At core voltage 1.45v loaded windows played around opened some low demand applications and (mainly sys monitors) cpu temp was at 50c i still had most of my fans turned down to low excluding heatsink fan.

im a little bit worried about going much higher on the core voltage (i believe 1.5v should not be exceeded) 

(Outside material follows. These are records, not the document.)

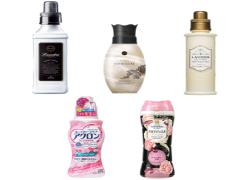 【使って良かった柔軟剤】ドラッグストアで買える“モテ”柔軟剤5選 マストバイ2016秋冬
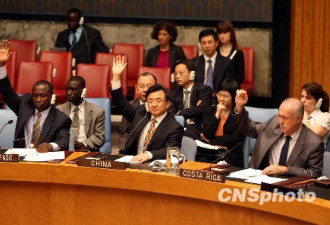 联合国的中国外交官：腰板很直也很硬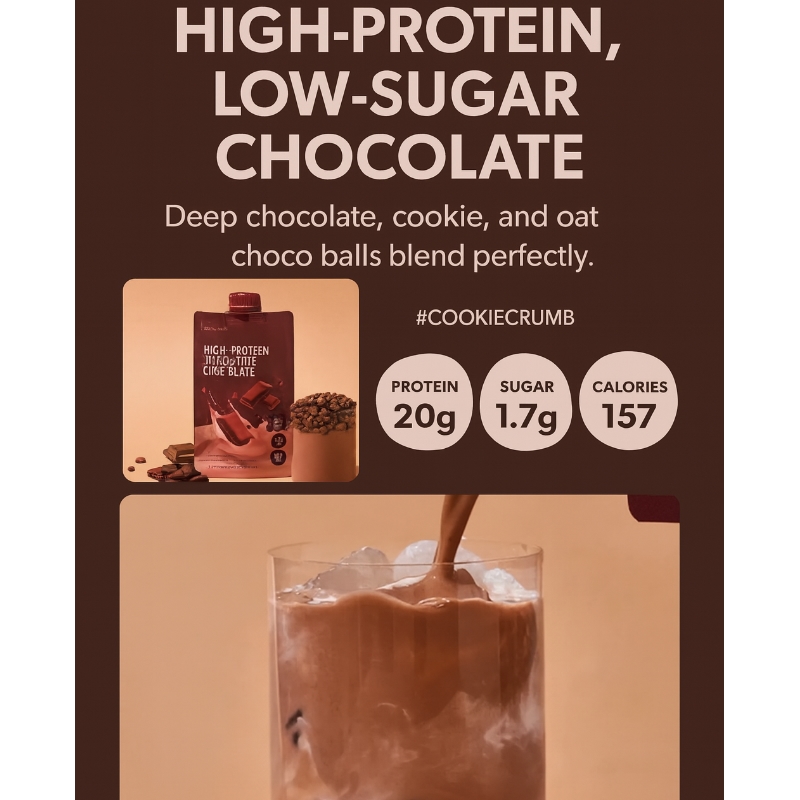 VIVLIV Kkobak Kkobab #Choco - Image 2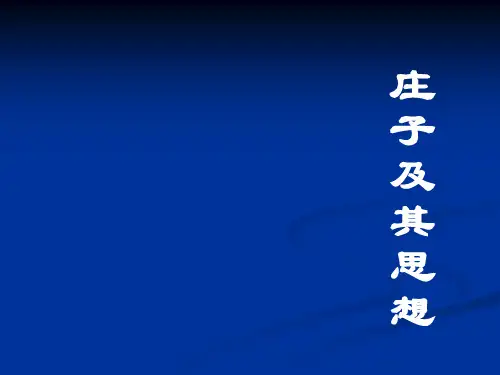 庄子及其思想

im after any tips to try and improve the overclock but i can accept that my cpu may not go any higher ( this rig still kicks my friends backsides).


----------



## groudon185p (Dec 30, 2007)

well depends on your cooling, but thats waaay not the limit people on youtube have overclocked it to 4.0ghz (wouldnt reccomend trying that...)


----------



## blackknight (Apr 26, 2007)

yeah i have it to 3.15ghz atm around 45c idle 60c under load so i'll probably leave it there.


----------



## Aus_Karlos (Mar 10, 2007)

Make sure your PCI-E bus isn't increasing with your FSB. Manually set it at 100mhz to be safe. Also you wont need to upp the voltage untill you have at least gone up 200-300mhz.
Im a lucky one and i havn't upped my Vcore voltage at all and ive gone from 2.66ghz-3ghz. 
But i have increased my FBS by 0.05v and my HTT link by 0.1v or 0.05v.
Also increase you RAM voltage to 2v or 2.1v. Check with your RAM manufacture to see what votage you can use.


----------



## Fapguy (Oct 2, 2008)

what about your power supply? 2 8800gt oc'd can drag some power, and the cpu too... it might be lacking some headroom for overclocking


----------